Hang on, Catwoman gets kidnapped? The acrobatic, masterful escape artist with nine lives and ten witty retorts per minute gets kidnapped by… The Riddler? The same disheveled anti-Layton designing Mario Kart tracks from his mom’s basement? Ok, fine.

Though Catwoman dismisses the ‘damsel in distress’ label, she says it while having an exploding collar strapped to her neck - and she can’t get the numerous keys to unlock it without Batman’s help. So, nice attempt at self-referential dodging there, writers, but nope. To be fair, though, Bats and Cats fighting through The Riddler’s abandoned orphanage is one of the highlights of Arkham Knight, even if a collar makes Catwoman less cool than she should be. At least it doesn’t have a bell on it.

After the world’s greatest detective concludes that Scarecrow is manufacturing his spooky chemicals at Gotham’s big, huge, unmissable chemical manufacturing plant - it’s a whole thing - he swoops in to save the workers being forced to work late (in the service of evil).

Alright, this one makes sense, even though it’s yet another consolidated kidnapping. Nobody living or working in Gotham would willingly help produce a fear-inducing toxin. It’s dangerous, evil and - depending on which neighborhood you live in - kind of redundant.

The flashback to the imprisonment and torture of Jason Todd - the second person to become Robin under Batman’s tough-guy tutelage - gives you a big clue to the Arkham Knight’s true identity. And by “big clue” I mean full-on confirmation, because why else are we flashing back to this now?

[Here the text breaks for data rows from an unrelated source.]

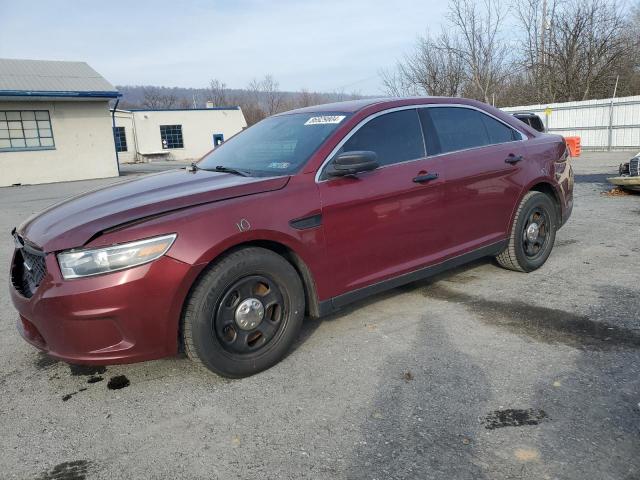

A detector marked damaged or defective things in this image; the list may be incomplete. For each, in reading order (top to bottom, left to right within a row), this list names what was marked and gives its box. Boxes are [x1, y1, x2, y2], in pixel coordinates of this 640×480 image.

cracked asphalt [0, 155, 636, 480] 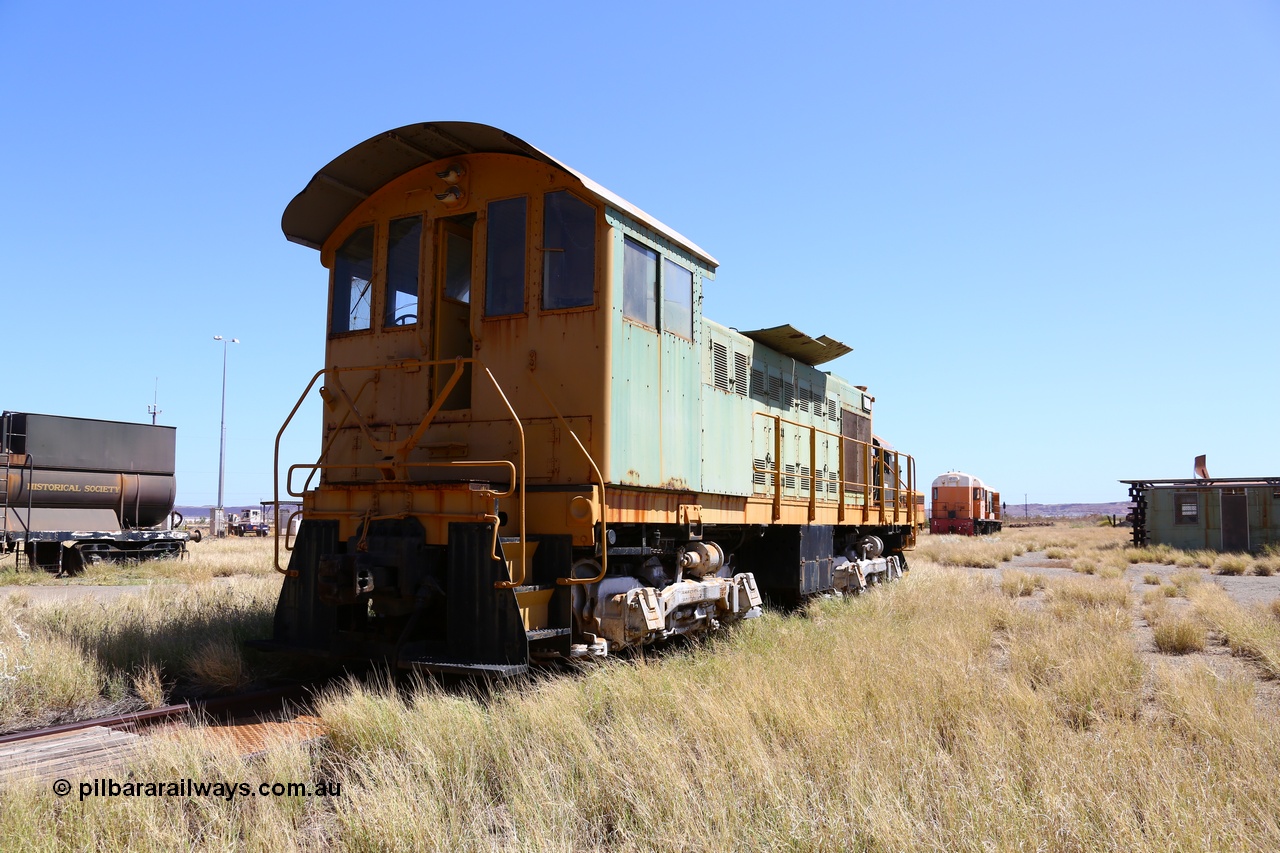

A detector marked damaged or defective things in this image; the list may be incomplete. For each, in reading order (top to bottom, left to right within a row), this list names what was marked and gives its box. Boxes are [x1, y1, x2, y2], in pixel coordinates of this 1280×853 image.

rusted metal body [264, 125, 920, 672]
rusted metal body [1, 410, 188, 568]
rusted metal body [928, 472, 1000, 532]
rusted metal body [1128, 476, 1272, 548]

Though the Arkham Knight persona isn’t the one who’s kidnapped, it’s his drawn-out and humiliating captivity that leads to his festering lust for revenge against Batman. Maybe that’s why Batman’s running around rescuing everyone properly, hoping to avoid a small army of Arkham Knights nipping at his cape.

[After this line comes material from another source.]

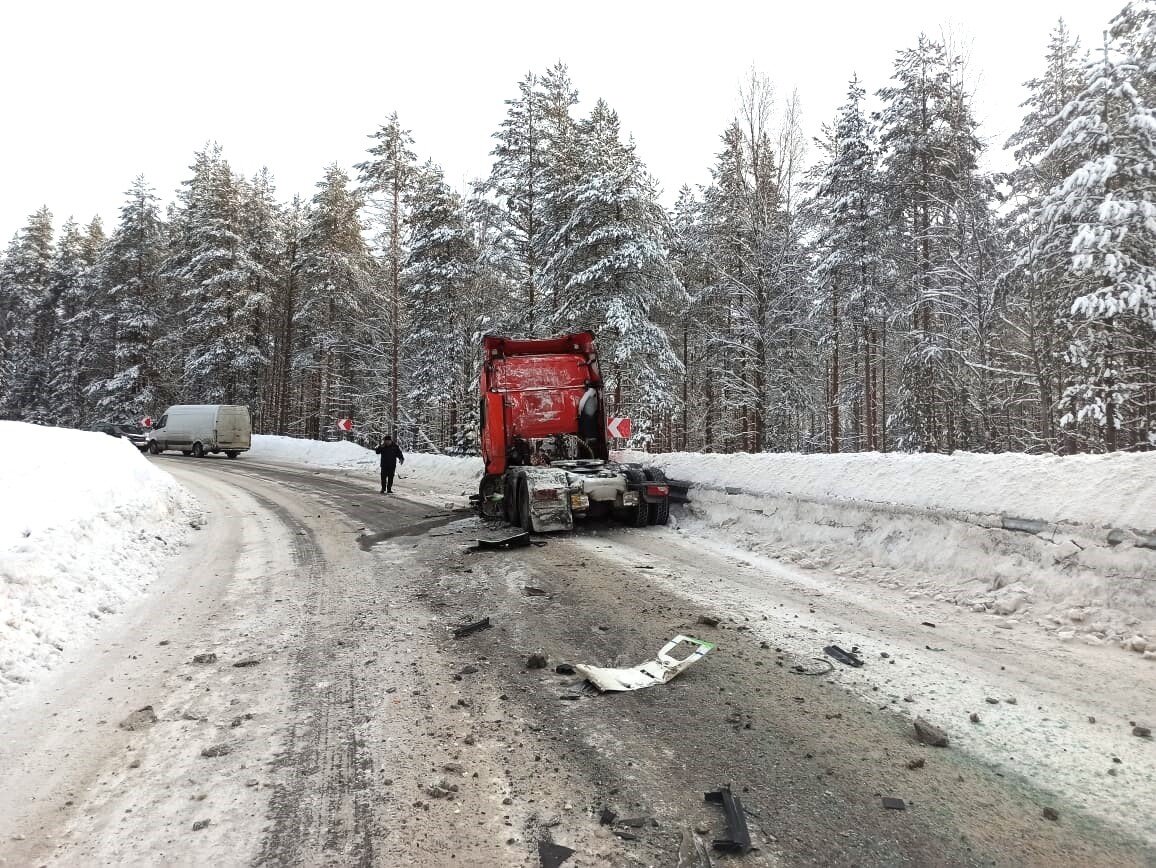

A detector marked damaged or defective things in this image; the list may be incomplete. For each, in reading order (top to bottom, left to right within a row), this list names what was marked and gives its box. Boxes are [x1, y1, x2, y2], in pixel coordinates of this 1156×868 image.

damaged truck [473, 335, 675, 533]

Aww, man, Lucius Fox gets kidnapped? Fox stays behind in Wayne Tower, despite a city-wide evacuation notice, working late to beef up Batman’s gadgets and deliver new Batmobile upgrades. He’s charming, he’s enjoying the absurdity of designing toys for a billionaire vigilante, and he’s collected. Later, though, he’s collected at gunpoint in the office by Thomas Elliot, a Bruce Wayne doppelgänger going by the name of Hush.

Batman doesn’t tolerate kidnapping, of course, and with barely a biff or a pow he manages to negotiate Fox’s freedom.

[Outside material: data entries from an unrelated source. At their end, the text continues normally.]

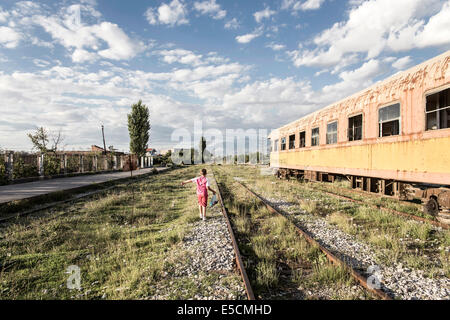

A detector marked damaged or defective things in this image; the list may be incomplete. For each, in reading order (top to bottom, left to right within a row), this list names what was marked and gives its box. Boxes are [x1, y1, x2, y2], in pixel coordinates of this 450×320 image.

rusty train car [268, 51, 448, 218] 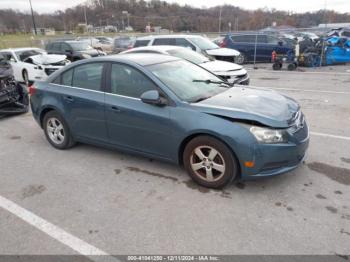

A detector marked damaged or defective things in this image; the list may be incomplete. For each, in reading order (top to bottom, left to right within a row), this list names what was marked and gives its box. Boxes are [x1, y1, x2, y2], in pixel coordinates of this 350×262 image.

crumpled hood [193, 86, 300, 128] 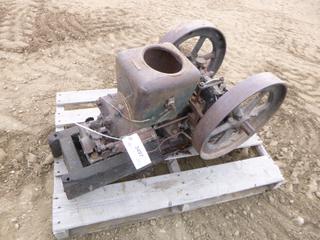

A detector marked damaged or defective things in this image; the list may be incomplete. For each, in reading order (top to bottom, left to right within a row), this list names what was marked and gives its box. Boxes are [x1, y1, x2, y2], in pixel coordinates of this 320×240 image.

rusty metal surface [159, 20, 226, 75]
rusty metal surface [192, 72, 288, 160] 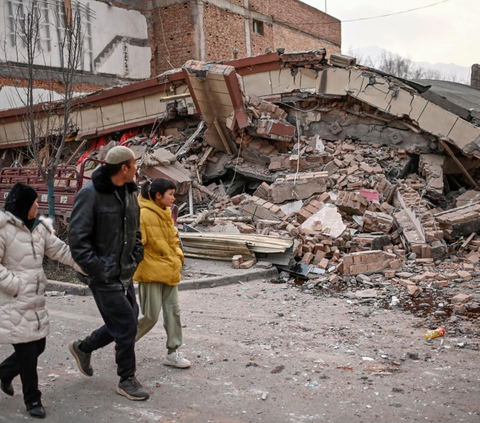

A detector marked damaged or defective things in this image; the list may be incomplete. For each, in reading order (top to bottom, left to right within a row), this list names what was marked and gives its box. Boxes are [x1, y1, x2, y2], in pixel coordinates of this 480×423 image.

earthquake damage [2, 50, 480, 328] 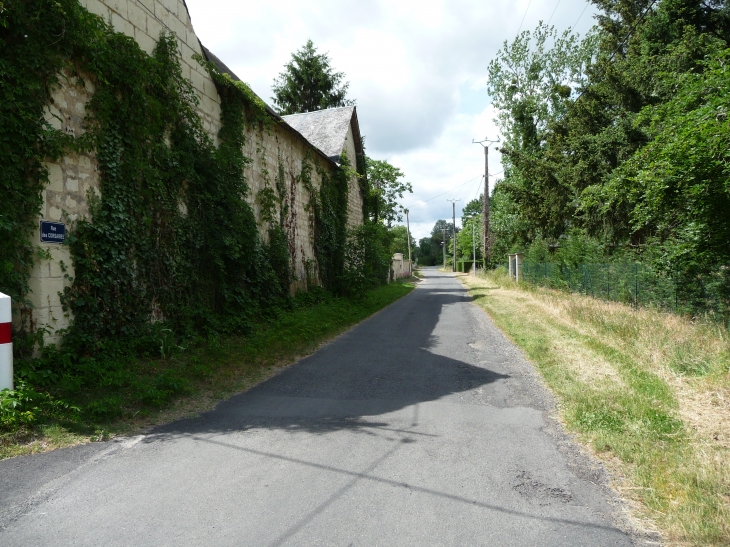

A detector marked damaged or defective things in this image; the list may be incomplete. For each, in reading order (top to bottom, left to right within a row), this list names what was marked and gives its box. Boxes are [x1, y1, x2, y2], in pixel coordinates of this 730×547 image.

cracked asphalt surface [0, 270, 636, 547]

Whoops. In negotiating Fox’s release in Wayne Tower, Batman reveals his face to Hush as a reminder that they used to be childhood friends, and that one of them grew up to be an armored weirdo who breaks arms and probably doesn’t appreciate hostage situations in his damn office.

After bludgeoning him into unconsciousness, Batman decides it’s probably best not to send Hush straight to the Gotham lockup. Instead, Hush is locked up somewhere in Wayne Tower. An unsanctioned, corporate acquisition of a person against their will and without the police’s knowledge? Suuuure sounds like a kidnapping, Mr. Wayne.

Le sigh. Batman’s initial protege, Dick Grayson, graduates from the role of Robin to pursue a career as Nightwing in a town called Blüdhaven (it sounds lovely). The pair briefly team up to foil a weapon smuggling plot by Penguin, and are then separated when Nightwing gets kidnapped off-screen.

Being bailed out by your master could be some kind of spandex-clad Karate Kid moment, but the snappy dialogue between Batman and the former boy wonder clearly just serve as a smokescreen for embarrassment. Being rescued from a waddling man with a semi-automatic umbrella is worse than having your dad come get your sorry shoplifting self from a Hot Topic backroom. Oh well, at least Robin doesn’t get kidnapped.

Well, here’s an ironic case where Batman actually helps out in the kidnapping, locking Robin 3.0 up in a futuristic cell in order to protect him. This not only leaves him in a prime spot to be collected by Scarecrow later, but acts as prelude to the future Batman who has to worry about empty nest syndrome.

To be fair, this is one of the more sensible kidnappings in the game. Batman makes a mistake for once, blinded by his fear of losing another partner in the collateral damage of all the supervillain crap he has to deal with, and has to fix it in a way that echoes Arkham Knight’s overall message: being friends with Batman is the worst. It would have been better to let Robin decide and act on this point, though, rather than being appended to a staggering list that relies far too much on one kind of peril. But that’s it, right? We’re done with kidnappings, surely.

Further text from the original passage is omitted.